MLCommons, a non -profit AI Safety Working Group, has released one of the world’s largest collections in AI Research’s public domain voice recording in cooperation with the AI DEV platform.
The dataset, called the speech of untrained people, contains at least 1 million hours of audio over 89 languages. MLCommons says that the desire to support R & D in various fields of speech technology was motivated to create it.
“Supporting a wide range of natural language processing in language other than English can help more people around the world to bring communication technology,” he wrote on Thursday’s blog post. “In particular, there are some ways for research communities to continue building and developing in the fields that improve the language speech model of low resources, strengthen voice recognition over various accents and dialects, and improve new applications in speech synthesis. I expect it.
Certainly it is a stunning goal. However, AI datasets, such as speeches of untrained people, can take risks to researchers who choose to use them.
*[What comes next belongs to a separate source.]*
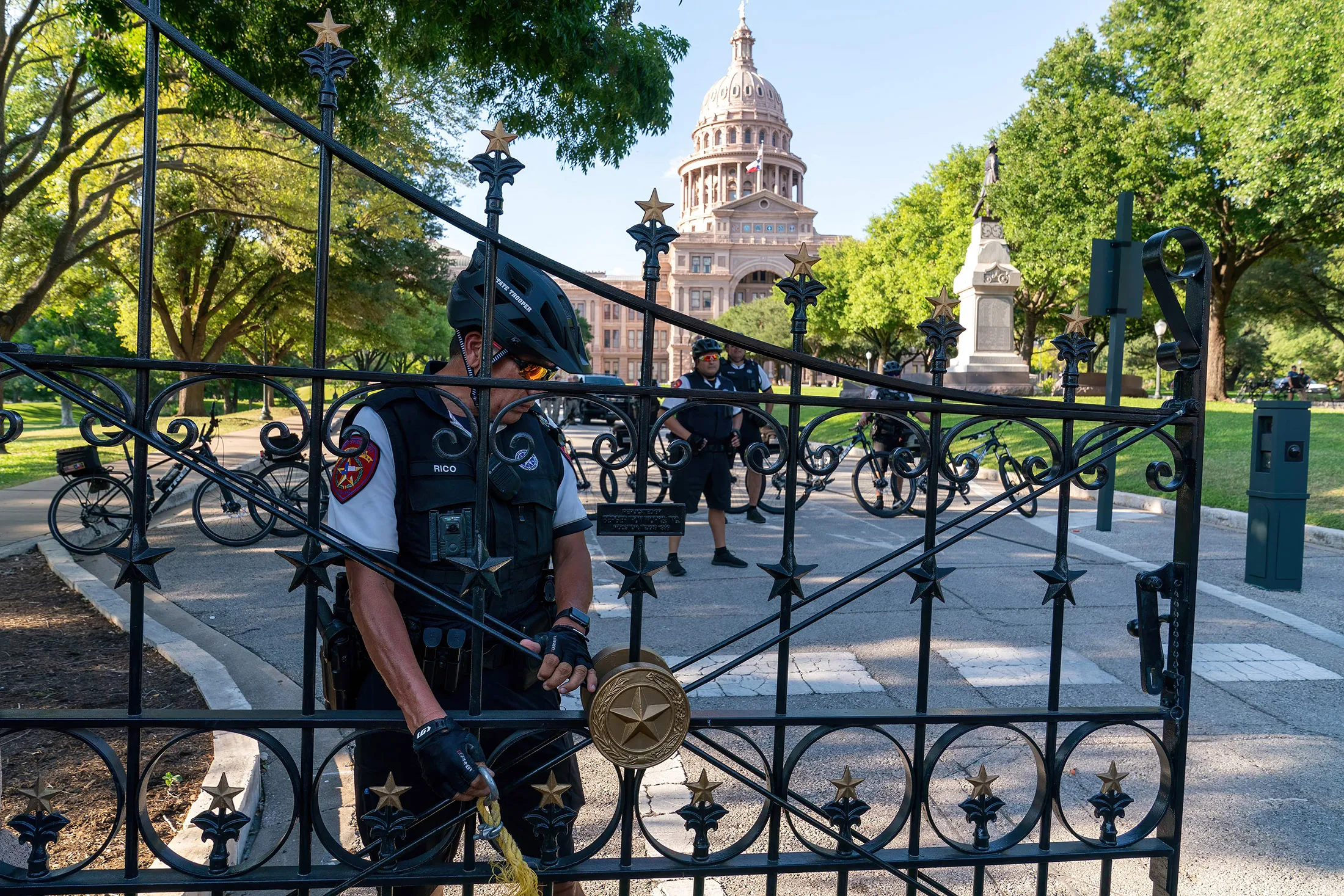 A police officer secures the gate at the State Capitol as abortion rights demonstrators march nearby in Austin, Texas, on June 25.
Bias data is one of these risks. The speech for untrained people is probably from Archive.org, the most well -known non -profit organization in Wayback Machine Web Archival Tool. Many of Archive.org’s contributors speak English -and because they are Americans, most of the speeches of untrained people are American accent, according to Readme on the official project page.
In other words, AI systems such as speech recognition and audio synthesizer models trained in the speech of untrained people without cautious filtering may indicate some of the same prejudice. For example, they may have difficulty in transferring English spoken by non -native speakers, or struggling to generate synthetic voices in language other than English.
Speeches for untreated people may also include recording from people who are not aware that their voices are being used for research on AI, including commercial applications. MLCommons states that all recording in the dataset can be used in a public domain or under the creative commons license, but may have made mistakes.
According to MIT analysis, hundreds of public AI training datasets have no license information and include errors. Creators, including ED Newton-REX, a non-profit CEO that focuses on AI Ethics, has been very trained, and for the troublesome burden imposed on these creators. Creators argued that the AI dataset did not need to be “opt -out”.
“Many creators (such as Squarespace users, etc.) have no meaning to opt-out,” said Newton-Rex in the X post in June last year. “There are multiple overlap opt -out methods for creators who can opt -out. This is incredibly confused, (2) the coverage is incomplete incomplete. Perfect and perfect opt -out. Even if it exists, it is very unfair to put an opt -out burden on the creator, given that the generated AI uses a job to compete with them.
MLCommons says that it is working to update, maintain and improve the quality of speeches of untrained people. However, considering the potential flaws, the developers have paid serious attention.